Locate each line in the records containing "jewelry". Copy it.

───── Data shown ─────

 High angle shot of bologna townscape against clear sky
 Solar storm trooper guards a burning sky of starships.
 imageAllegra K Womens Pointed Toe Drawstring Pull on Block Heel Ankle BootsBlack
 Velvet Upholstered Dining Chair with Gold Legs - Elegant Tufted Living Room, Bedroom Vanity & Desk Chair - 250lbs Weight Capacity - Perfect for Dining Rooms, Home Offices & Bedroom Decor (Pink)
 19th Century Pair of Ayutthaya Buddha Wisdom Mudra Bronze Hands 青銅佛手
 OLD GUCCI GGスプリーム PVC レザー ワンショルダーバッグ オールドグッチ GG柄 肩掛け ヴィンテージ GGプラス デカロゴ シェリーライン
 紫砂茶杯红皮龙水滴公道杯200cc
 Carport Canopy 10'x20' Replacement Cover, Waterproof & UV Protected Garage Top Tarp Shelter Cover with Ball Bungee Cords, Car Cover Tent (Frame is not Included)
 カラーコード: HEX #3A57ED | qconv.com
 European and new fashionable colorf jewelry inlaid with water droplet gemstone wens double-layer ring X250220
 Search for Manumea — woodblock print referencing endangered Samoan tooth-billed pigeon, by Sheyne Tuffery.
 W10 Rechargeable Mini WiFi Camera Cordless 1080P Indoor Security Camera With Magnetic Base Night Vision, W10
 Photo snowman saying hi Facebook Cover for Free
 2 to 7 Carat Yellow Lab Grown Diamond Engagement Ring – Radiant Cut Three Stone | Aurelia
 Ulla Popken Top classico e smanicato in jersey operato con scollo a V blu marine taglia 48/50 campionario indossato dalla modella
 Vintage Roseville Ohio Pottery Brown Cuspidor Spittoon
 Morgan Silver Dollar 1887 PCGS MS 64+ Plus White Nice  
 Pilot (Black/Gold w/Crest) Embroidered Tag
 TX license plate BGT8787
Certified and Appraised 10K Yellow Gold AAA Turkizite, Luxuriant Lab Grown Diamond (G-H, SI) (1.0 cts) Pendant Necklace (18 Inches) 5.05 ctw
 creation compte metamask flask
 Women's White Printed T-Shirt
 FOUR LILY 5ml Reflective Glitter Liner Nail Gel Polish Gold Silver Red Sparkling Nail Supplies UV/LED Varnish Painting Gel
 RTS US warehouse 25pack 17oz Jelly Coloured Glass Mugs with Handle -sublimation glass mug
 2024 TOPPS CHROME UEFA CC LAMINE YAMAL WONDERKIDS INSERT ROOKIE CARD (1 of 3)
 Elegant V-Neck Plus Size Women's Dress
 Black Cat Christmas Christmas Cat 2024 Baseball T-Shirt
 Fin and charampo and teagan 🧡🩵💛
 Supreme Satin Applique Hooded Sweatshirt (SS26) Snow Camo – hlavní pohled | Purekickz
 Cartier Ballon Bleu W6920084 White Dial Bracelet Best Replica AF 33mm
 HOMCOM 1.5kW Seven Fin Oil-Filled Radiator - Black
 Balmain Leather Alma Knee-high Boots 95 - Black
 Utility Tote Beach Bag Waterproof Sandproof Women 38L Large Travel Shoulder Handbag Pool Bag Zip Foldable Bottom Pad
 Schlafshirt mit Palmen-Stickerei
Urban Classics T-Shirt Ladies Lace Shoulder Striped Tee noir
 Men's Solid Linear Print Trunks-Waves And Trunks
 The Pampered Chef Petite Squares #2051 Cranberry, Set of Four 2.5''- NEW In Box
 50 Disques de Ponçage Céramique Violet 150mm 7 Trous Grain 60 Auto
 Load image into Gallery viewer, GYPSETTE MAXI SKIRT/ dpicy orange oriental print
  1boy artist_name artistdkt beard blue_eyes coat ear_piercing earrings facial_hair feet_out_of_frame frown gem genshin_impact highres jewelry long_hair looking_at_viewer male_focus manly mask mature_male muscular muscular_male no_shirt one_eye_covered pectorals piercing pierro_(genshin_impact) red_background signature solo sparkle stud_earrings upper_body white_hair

─────

- _Solution to this exercise_:
 European and new fashionable colorf jewelry inlaid with water droplet gemstone wens double-layer ring X250220
  1boy artist_name artistdkt beard blue_eyes coat ear_piercing earrings facial_hair feet_out_of_frame frown gem genshin_impact highres jewelry long_hair looking_at_viewer male_focus manly mask mature_male muscular muscular_male no_shirt one_eye_covered pectorals piercing pierro_(genshin_impact) red_background signature solo sparkle stud_earrings upper_body white_hair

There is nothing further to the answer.